Attempts have been made to adopt the same rule where there is no private interest in or ownership of a street, but where it is the property of the public purely; but these attempts are scarcely more than expression of the opinion of authors who think such ought to be the rule. The rule now is that the legislature can authorize a city or town to grant a right of way to a railroad company over any of its streets owned by the public, and whether this grant be exclusive of a similar grant to any other railroad seems to be a matter to be determined by the language of the grant.

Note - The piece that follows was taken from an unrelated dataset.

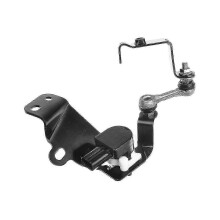 (As show, One size) 89408-42010 Rear Left Height Level Sensor For Nx300h Nx300 Nx200t Sport Utility 2015-2020 L4 2.5l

Much of the discussion of this subject goes no further than to the inquiry whether or not the grant can be made lawful by an act of the legislature, without some provision therein which provides for the payment of compensation, as in condemnations under the law of the right of eminent domain. But all that only goes to show that the right of way may be claimed by the railroad companies as a matter of right, upon complying with the terms of the law,
I am of opinion that, in any case, it ought to be held as contrary to public policy to grant a joint use to railroad companies and the public generally over a street, especially where the grant to the railroad, as in the case at bar, is expressly of the whole street. But, be this as it may, I am of . the opinion that the right and tenure by which appellant company holds the street in Warren, seeing that the grant by the town has been ratified by the legislature, depends upon whether the public or abutting owners owned the fee in.the ground taken up by the streets, and by the construction to be placed upon the act and the grant, whether they be in full or restricted by express words; and, as we have no evidence of the ownership of the street, the question cannot be decided, as I think, on this record.